The seminar takes place at room MaD355 at 12:15–13:15, unless otherwise stated. Everyone is welcome.

If you are willing to give a talk or have any questions you can contact Timo Schultz or Ville Kivioja. See math department personnel for contact information.

Back to seminar 2022.

Milica Lučić (University of Novi Sad, Serbia)

This talk is dedicated to the study of locally convex topologies on a vector space. We will introduce one such topology, called $\sigma$-topology, and discuss more in detail a special type of it - - namely, the strong topology. We will show that, on a normed vector space, the strong topology and the topology induced by the norm do not necessarily coincide, and provide a necessary and sufficient condition for having the equality between the two.

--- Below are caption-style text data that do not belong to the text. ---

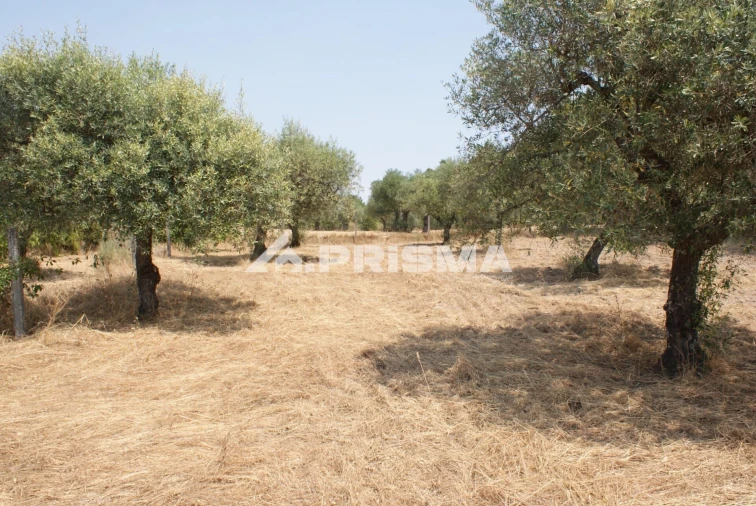 Terreno para Venda em Orca Foto 10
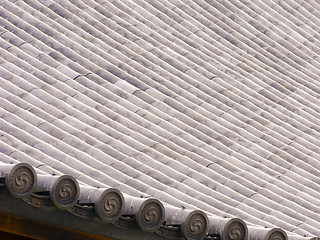 Image showing Temple Roof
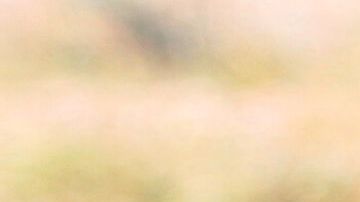 Las migrantes embarazadas no reciben atención médica en los centros de detención de ICE.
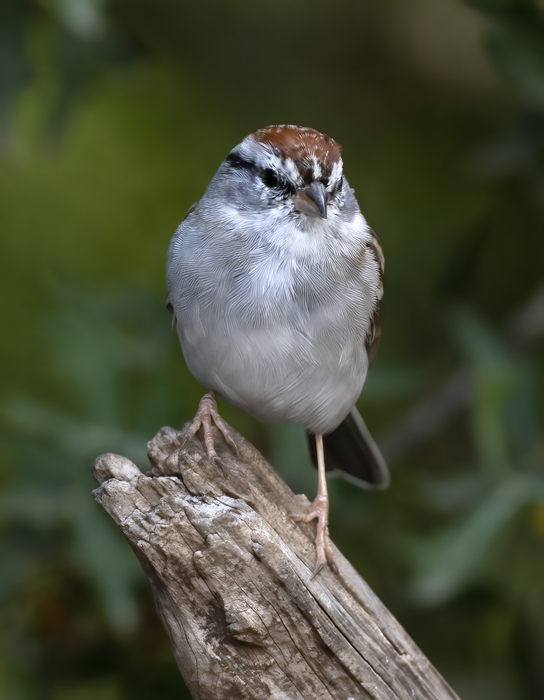 Chipping_Sparrow_19_TX_028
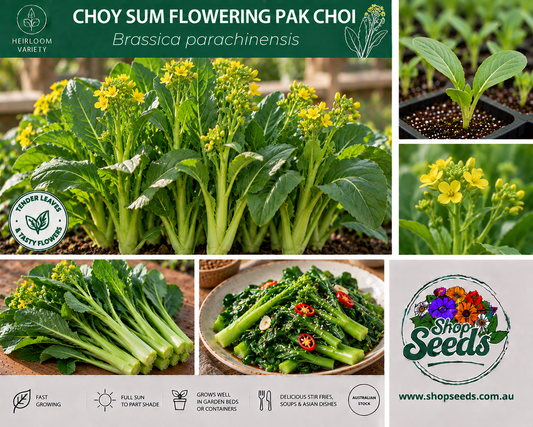 Choy Sum Flowering Pak Choi - Brassica parachinensis - SHOP SEEDS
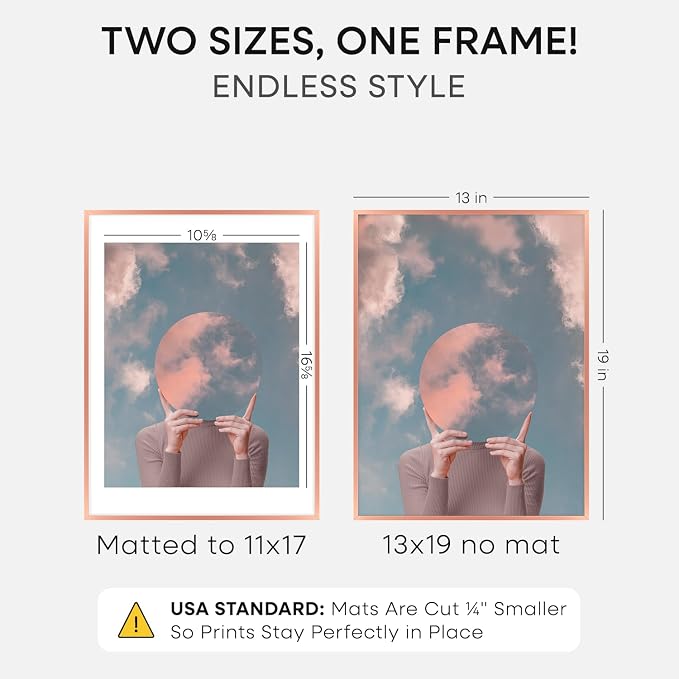 Homeforia 13x19 Picture Frame Rose Gold, High End Metal 13x19 Poster Frames with Mat 11x17 inch Photo, 13 x 19 Rose Gold Frame Matted to 11 by 17 Print, 19x13 Frame, Tempered Glass, Wall Kit, Set of 1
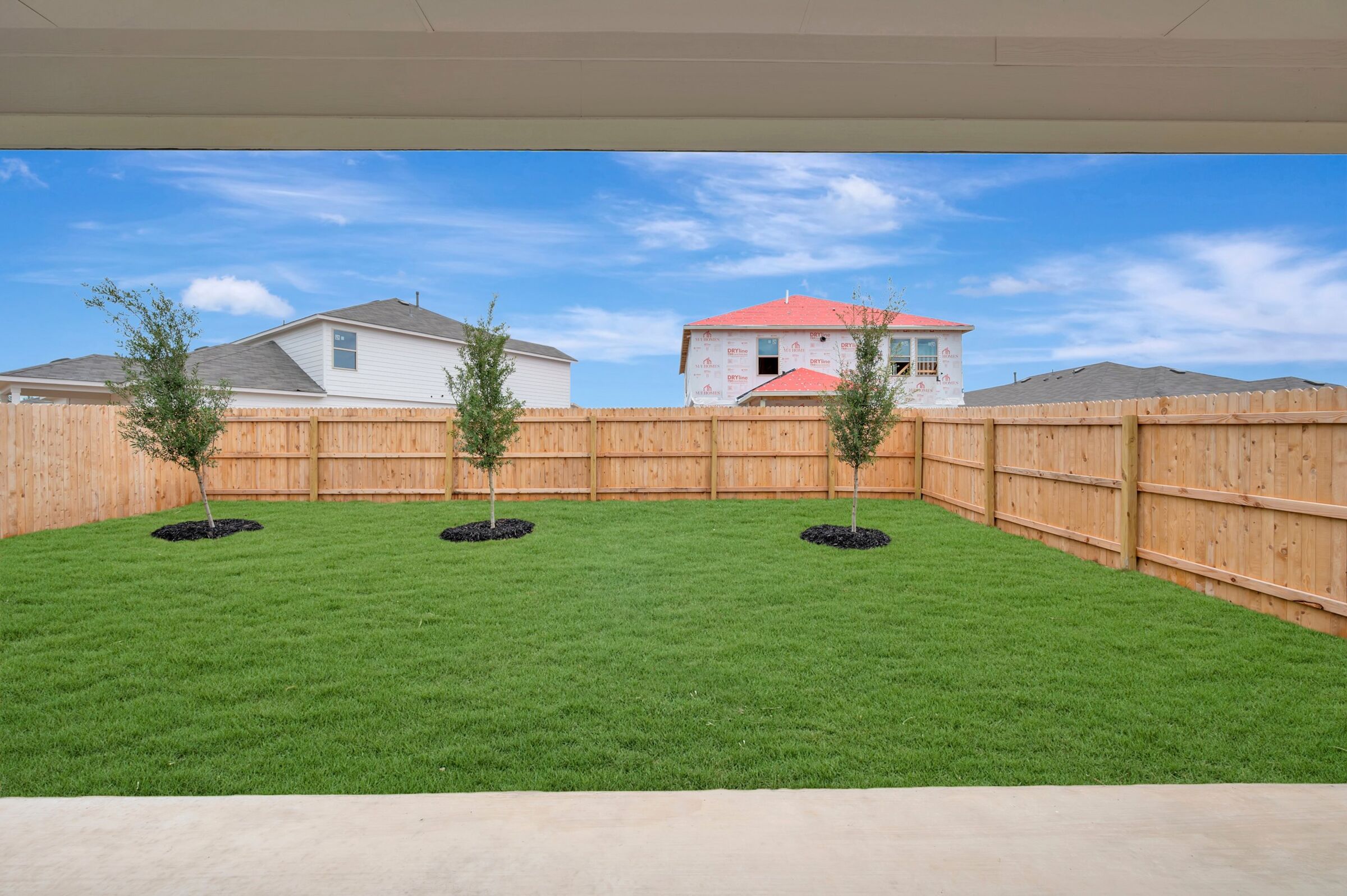 Backyard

Time permitting, a couple of words will be said about the motivation for the study of the strong topology.

Sebastiano Don

The Lusin's Theorem states that a measurable function on a set of finite measure is continuous outside a set of small volume. In general, finding Lipschitz approximations for functions with low regularity has many application for example in the Calculus of Variations and in the Regularity Theory. We present a proof of Lusin's Theorem and present its improvements on more regular functions. In particular, we describe its version about Sobolev functions due to Liu, its quantitative version for Sobolev functions due to Acerbi and Fusco and finally, the very recent quantitative result about BV functions due to Breit, Diening and Gmeineder.

Janne Nurminen

This talk is about an inverse problem that is called the Calderón problem. This is connected to electrical impedance tomography which will be briefly discussed: If we have some object, it has some conductivity inside and on the boundary. If we measure current (induced by voltage on the boundary) coming out of the object we get the so called Dirichlet to Neumann map. Main theorem of the talk is that from electrical measurements on the boundary, we can determine the conductivity on the boundary.

Tapio Kurkinen

Normalized p-parabolic equation is a parabolic partial differential equation arising from stochastic game theory. In this talk, we will look at the connection between viscosity solutions of this equation and weak solutions of a modified heat equation we get by introducing a fictitious dimension in the radial case. I intend to show the connection between the equations themselves and give an idea on how to prove the equivalence of the solutions.